मुख्य सामग्री पर जाएं
Chapter 5 Verse 7
5.7
योगयुक्तो विशुद्धात्मा विजितात्मा जितेन्द्रियः | सर्वभूतात्मभूतात्मा कुर्वन्नपि न लिप्यते ||७||

Yoga-yukto vishuddhaatmaa vijitaatmaa jitendriyah | Sarva-bhootaatma-bhootaatmaa kurvann api na lipyate ||7||

अनुवाद

The one endowed with yoga, pure of soul, self-controlled, with senses conquered, whose self has become the self of all beings — though acting, is not tainted.

शब्दार्थ

योगयुक्तः

united in yoga/devoted through yoga

विशुद्धात्मा

pure of soul/with purified self

विजितात्मा

self-controlled/who has conquered the mind

जितेन्द्रियः

with conquered senses

सर्वभूत-आत्मभूत-आत्मा

whose self has become the self of all beings/who sees the self in all beings

कुर्वन्

while acting/though performing actions

अपि

even/though

not

लिप्यते

is tainted/is bound/is defiled

टीका

Commentary

This verse presents one of the Gita’s most complete portraits of the liberated person in action. Four qualities are named, each building on the previous: yoga-yukta (united through yoga), vishuddhatma (pure of soul), vijitatma (self-controlled), and jitendriya (senses conquered). Together these describe not a passive renunciant but an engaged, fully functioning human being who has achieved a profound inner transformation.

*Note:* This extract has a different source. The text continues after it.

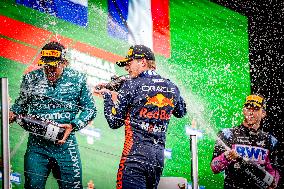 Max Verstappen Wins Dutch Grand Prix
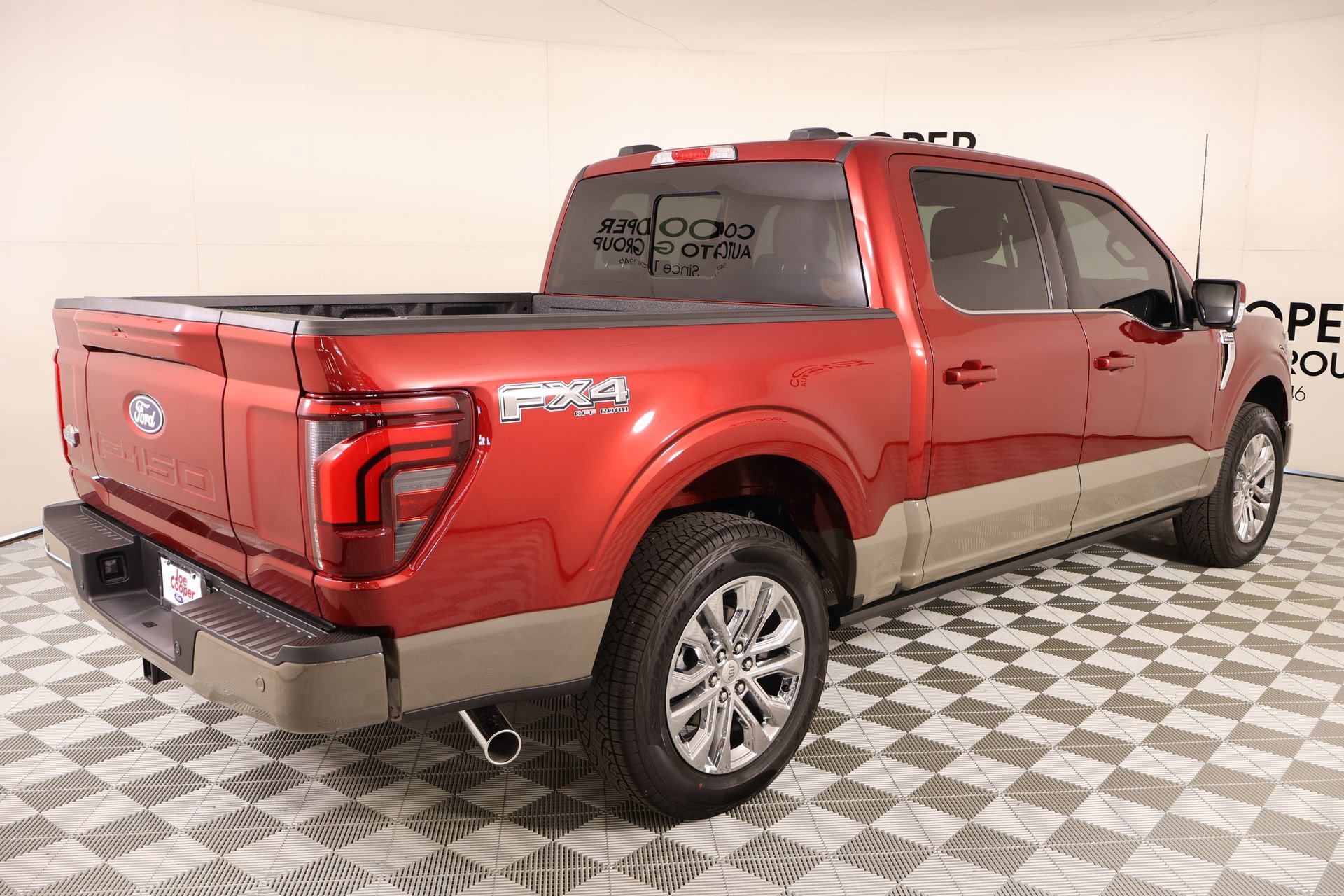 Used 2026 Ford F150 King Ranch w/ Equipment Group 601A High AWD/4WD image 23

The crowning quality is sarva-bhootaatma-bhootaatma — one whose self has become the self of all beings. This is among the most exalted descriptions in the entire Gita. The small self — bounded by one’s individual body and mind — has expanded to include all life. This person does not experience other beings as foreign or threatening. They experience them as themselves in different forms. The boundary between “self” and “other” has dissolved at the level of direct experience.

From this expanded state, the verse says: kurvann api na lipyate — even while acting, is not tainted. The word lipyate (tainted, defiled, sticky) is vivid. Ordinary action creates karma because the ego grabs at results, clings to outcomes, and is touched by everything that happens. The liberated person acts — sometimes vigorously — but nothing sticks. Like the lotus leaf described elsewhere in the Gita, water falls on it and rolls off immediately, leaving no residue.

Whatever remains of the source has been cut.